Dormant Android smartphones send data to Google nearly ten times more often than iOS devices do, according to new research by trade association Digital Content Next.
In a research paper titled “Google Data Collection,” Vanderbilt University Professor Douglass Schmidt claims that Google’s servers receive 10 ten times the amount of user data from idle Androids than they do idle iPhones.
The new research notes that a “major part” of Google’s data collection efforts occurs while a user is not directly engaged with the device.
Fifty times as many data requests
Schmidt found that an idle Android phone with Chrome running in the background sent location data to Google 340 times during a 24-hour period; an iOS phone with Safari running in the background didn’t send any data unless a user was actively interacting with the device.
“An idle Android phone running the Chrome browser sends back to Google nearly fifty times as many data requests per hour as an idle iOS phone running Safari,” the report noted.
Android devices sent as much as 4.4MB of data per day to Google, while an iPhone sent only 0.76MB of data to Google.
“Google is the world’s largest digital advertising company,” Schmidt wrote, “[It] utilizes the tremendous reach of its products to collect detailed information about people’s online and real-world behaviors, which it then uses to target them with paid advertising.”
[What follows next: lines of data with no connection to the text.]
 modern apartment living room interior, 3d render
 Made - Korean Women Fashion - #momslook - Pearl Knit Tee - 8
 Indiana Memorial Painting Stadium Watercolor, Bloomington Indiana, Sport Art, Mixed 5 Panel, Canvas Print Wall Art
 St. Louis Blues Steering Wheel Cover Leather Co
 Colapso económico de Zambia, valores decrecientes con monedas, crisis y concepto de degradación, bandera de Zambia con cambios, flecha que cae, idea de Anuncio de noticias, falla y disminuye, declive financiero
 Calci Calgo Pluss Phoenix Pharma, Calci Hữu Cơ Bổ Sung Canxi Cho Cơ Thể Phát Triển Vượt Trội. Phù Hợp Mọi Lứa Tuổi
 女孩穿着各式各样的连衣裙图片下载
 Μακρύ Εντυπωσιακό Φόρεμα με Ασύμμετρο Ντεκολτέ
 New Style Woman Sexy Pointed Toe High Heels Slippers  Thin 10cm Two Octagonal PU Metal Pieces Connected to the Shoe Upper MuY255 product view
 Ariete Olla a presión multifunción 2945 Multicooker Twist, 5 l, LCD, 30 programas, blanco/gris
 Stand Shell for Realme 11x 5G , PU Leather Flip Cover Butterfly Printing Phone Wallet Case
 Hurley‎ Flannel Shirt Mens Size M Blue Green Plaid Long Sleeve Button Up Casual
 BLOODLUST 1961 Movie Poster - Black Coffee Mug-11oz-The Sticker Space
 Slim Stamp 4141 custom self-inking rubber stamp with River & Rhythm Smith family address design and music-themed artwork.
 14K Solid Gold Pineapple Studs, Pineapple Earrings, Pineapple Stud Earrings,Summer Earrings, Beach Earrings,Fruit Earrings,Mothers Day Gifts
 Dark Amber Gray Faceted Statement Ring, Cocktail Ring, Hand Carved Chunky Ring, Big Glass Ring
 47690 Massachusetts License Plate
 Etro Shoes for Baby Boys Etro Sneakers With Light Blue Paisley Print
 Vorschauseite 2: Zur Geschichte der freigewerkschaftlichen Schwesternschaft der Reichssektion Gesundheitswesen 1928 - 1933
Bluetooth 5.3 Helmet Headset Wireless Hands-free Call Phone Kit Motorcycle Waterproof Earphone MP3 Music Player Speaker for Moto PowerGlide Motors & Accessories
More than 2 billion people worldwide own Android devices.
Lawsuit over tracking practices
The new findings come after a lawsuit was filed against Google for falsely representing how its location history settings work. In response to a recent investigation by the Associated Press, Google altered its website to provide clarity on what Google tracks.
“We have been updating the explanatory language about Location History to make it more consistent and clear across our platforms and help centers,” Google said in a statement to the Associated Press.